Segment Open

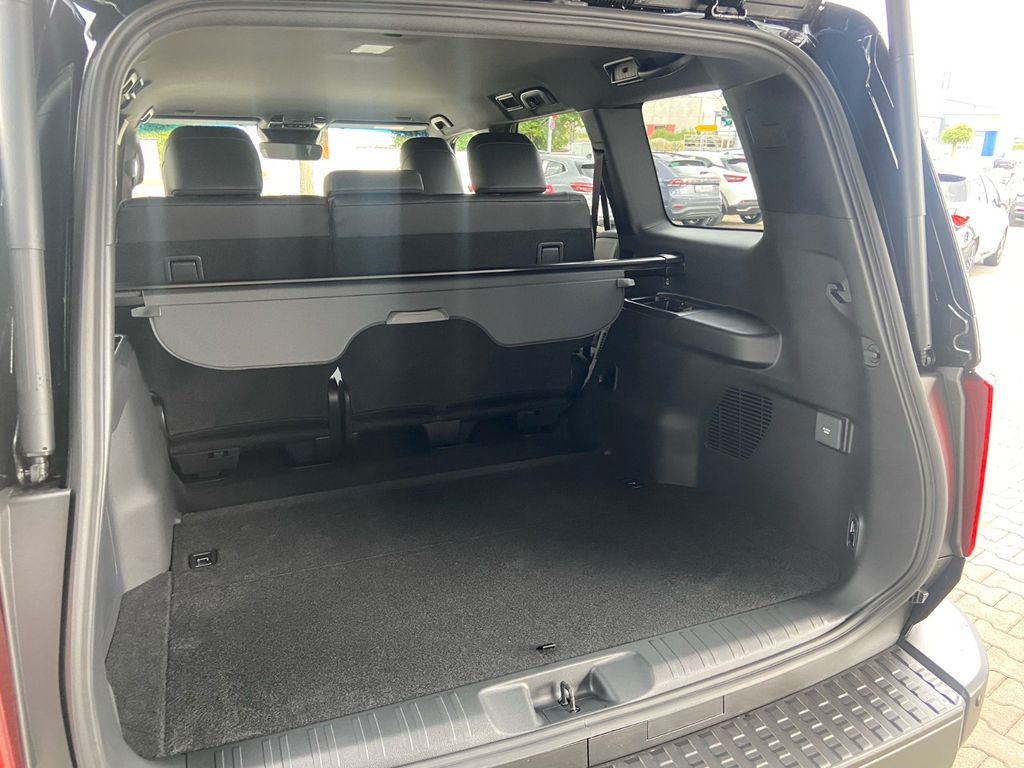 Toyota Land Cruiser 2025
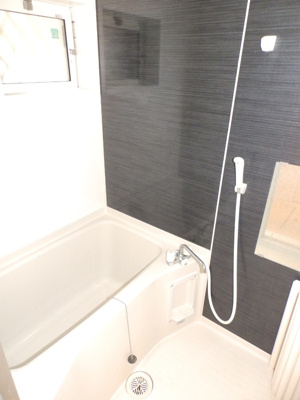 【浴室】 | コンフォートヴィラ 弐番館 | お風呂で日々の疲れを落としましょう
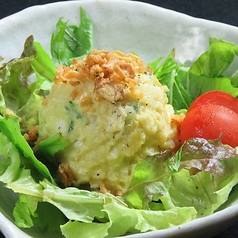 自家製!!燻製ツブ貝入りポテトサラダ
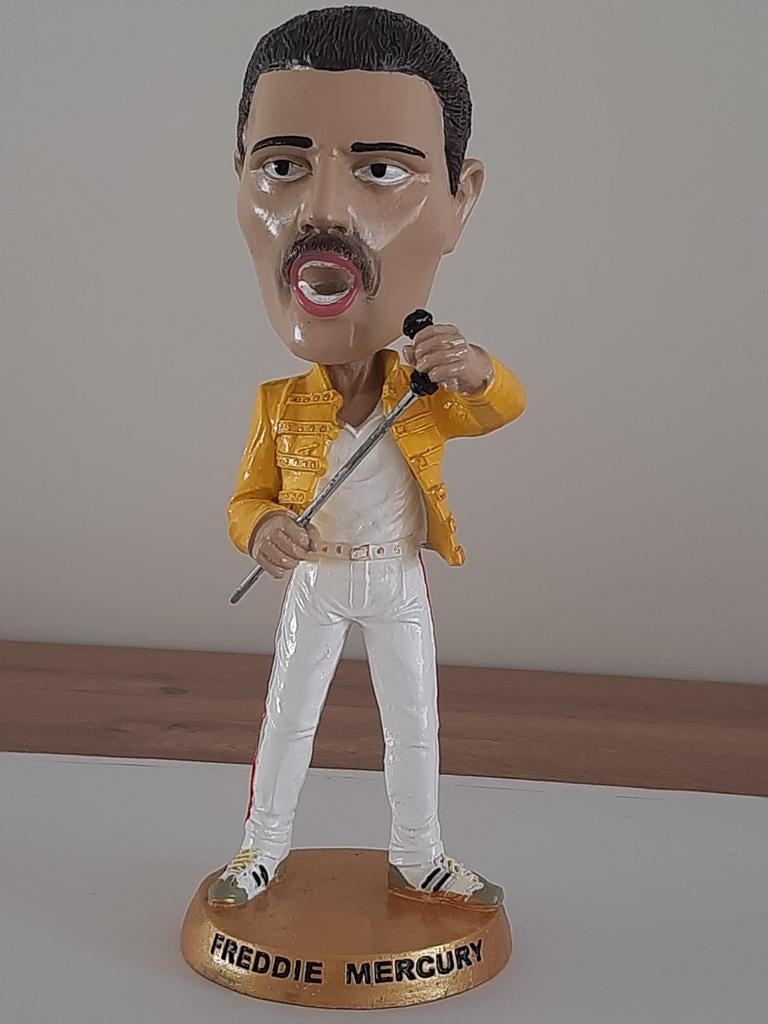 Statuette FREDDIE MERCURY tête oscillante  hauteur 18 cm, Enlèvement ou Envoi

Segment Closed

REQUIRED WORK - Exactly the lines running from the one with "自家製!!燻製ツブ貝入りポテトサラダ" through the end of the listing above must be output, both ends included. No pictures belong in the output.

COMPLETED EXERCISE -
 自家製!!燻製ツブ貝入りポテトサラダ
 Statuette FREDDIE MERCURY tête oscillante  hauteur 18 cm, Enlèvement ou Envoi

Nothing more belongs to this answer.